He is best known for his doctrine that air is the source of all things. This claim contrasts with the view of Thales that water was the source, and with the view of Anaximander that all things came from an unspecified boundless stuff. He seems to have held that at one time everything was air. In one region the air was acted upon by natural forces to be transformed into other materials which came together into an organized world, in which we now live. Air can be thought of as a kind of neutral stuff that is found everywhere, and is hence available to participate in physical processes.

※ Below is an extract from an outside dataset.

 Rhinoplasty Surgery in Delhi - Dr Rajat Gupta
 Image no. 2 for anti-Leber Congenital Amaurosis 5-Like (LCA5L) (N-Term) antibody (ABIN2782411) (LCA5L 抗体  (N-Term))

It is also associated with the soul-sometimes portrayed as the breath of life in early Greek literature-and hence with life and intelligence. Anaximenes may have thought of air as capable of directing its own development to some extent as our soul controls our body (DK13B2 in the Diels-Kranz collection of Presocratic sources). Accordingly, he ascribed to air divine attributes.
Anaximenes provides an interesting account of natural change:
[Air] differs in essence in accordance with its rarity or density. When it is thinned it becomes fire, while when it is condensed it becomes wind, then cloud, when still more condensed it becomes water, then earth, then stones. Everything else comes from these. (DK13A5)
Using two contrary processes of rarefaction and condensation, Anaximenes explains how air is part of a series of changes from fire to air to wind to cloud to water to earth to stones. Matter can travel this path by being condensed, or the reverse path from stones to fire by being successively more rarefied. Anaximenes provides a crude kind of empirical support by appealing to a simple experiment: if one blows on one's hand with the mouth relaxed, the air is hot; if one blows with pursed lips, the air is cold (DK13B1). Hence, we allegedly see that rarity is correlated with heat, as in fire, density with coldness, as in the denser stuffs. Anaximenes is the first thinker we know of who provides a theory of change and bolsters it with observations. Anaximander had described a sequence of changes that a portion of the boundless underwent to form the different stuffs of the world. But he gave no scientific reason for its changing, nor did he describe any mechanism by which it might come about. By contrast, Anaximenes uses a process familiar from everyday experience to account for material change. He also seems to have referred to the process of felting, by which wool is compressed to make felt. This industrial process provides a model of how one stuff can take on new properties when it is compacted.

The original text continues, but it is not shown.